● **DATASET CONTENT**:
BEGIN
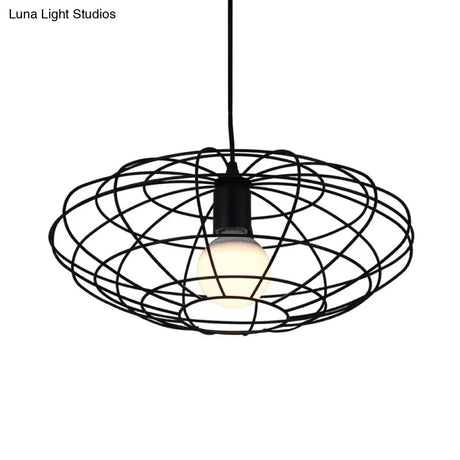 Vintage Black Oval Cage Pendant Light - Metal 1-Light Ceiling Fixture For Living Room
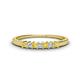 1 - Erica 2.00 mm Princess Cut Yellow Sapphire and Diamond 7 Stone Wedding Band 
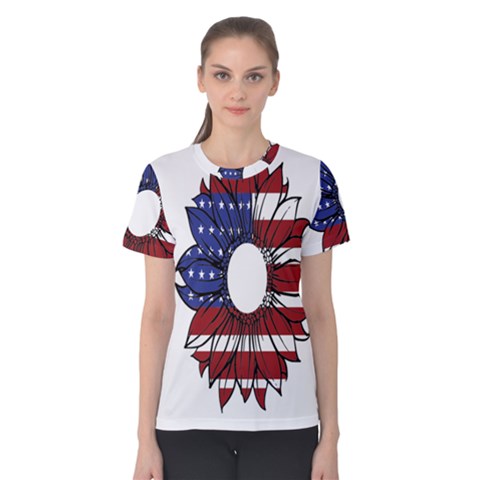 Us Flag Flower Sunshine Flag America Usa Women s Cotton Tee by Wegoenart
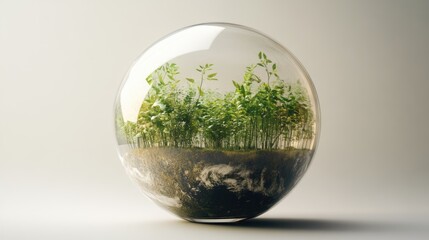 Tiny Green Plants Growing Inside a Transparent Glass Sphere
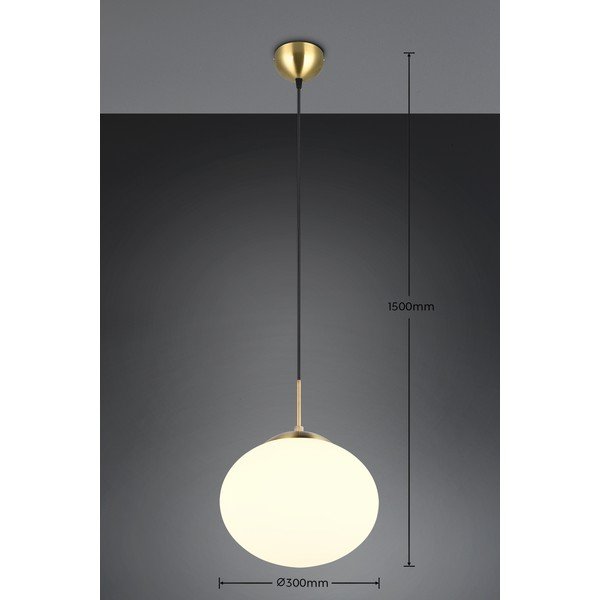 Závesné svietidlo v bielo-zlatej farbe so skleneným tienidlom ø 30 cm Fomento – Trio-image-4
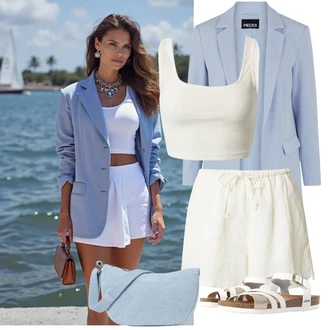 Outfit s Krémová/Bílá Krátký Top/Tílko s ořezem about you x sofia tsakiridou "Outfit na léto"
END
BEGIN
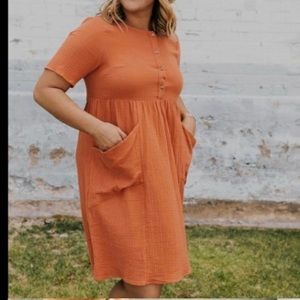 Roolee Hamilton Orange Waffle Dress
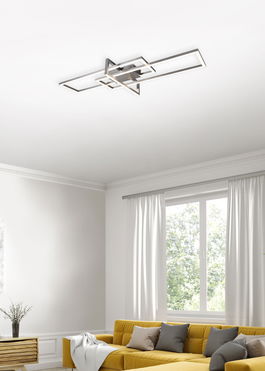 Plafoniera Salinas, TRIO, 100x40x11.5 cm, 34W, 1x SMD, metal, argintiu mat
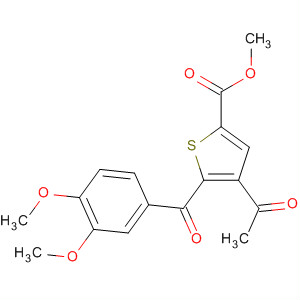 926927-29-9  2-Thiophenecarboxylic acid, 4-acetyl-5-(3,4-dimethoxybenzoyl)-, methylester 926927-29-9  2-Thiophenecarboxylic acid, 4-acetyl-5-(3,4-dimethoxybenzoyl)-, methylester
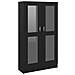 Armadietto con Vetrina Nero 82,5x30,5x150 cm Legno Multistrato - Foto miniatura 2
END
BEGIN
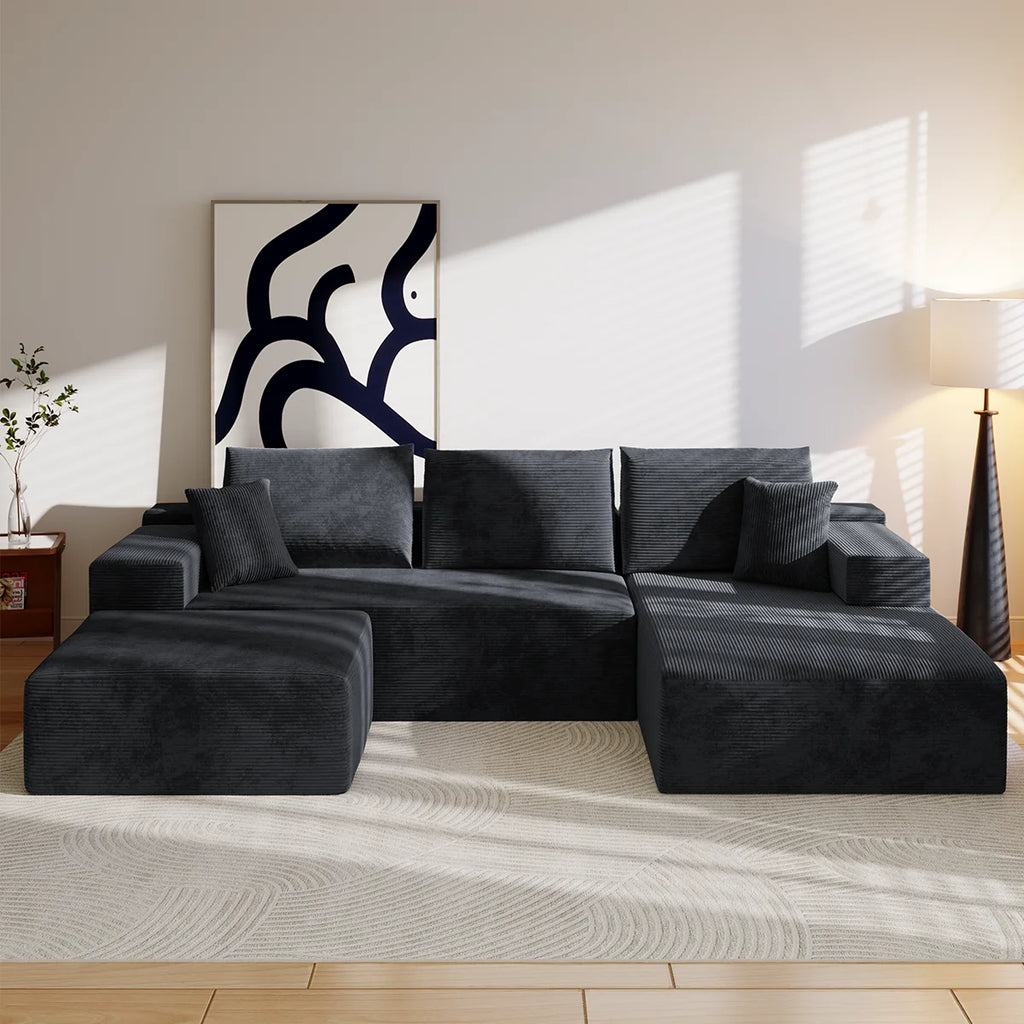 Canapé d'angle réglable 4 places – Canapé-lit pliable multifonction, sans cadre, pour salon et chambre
END
● **TASK DETAILS**: Exactly the lines starting at the one above with "Us Flag Flower" and ending at the one with "Outfit s Krémová/Bílá" should be printed, and nothing else. Omit the pictures.

● **ANSWER TO THIS PROBLEM**:
 Us Flag Flower Sunshine Flag America Usa Women s Cotton Tee by Wegoenart
 Tiny Green Plants Growing Inside a Transparent Glass Sphere
 Závesné svietidlo v bielo-zlatej farbe so skleneným tienidlom ø 30 cm Fomento – Trio-image-4
 Outfit s Krémová/Bílá Krátký Top/Tílko s ořezem about you x sofia tsakiridou "Outfit na léto"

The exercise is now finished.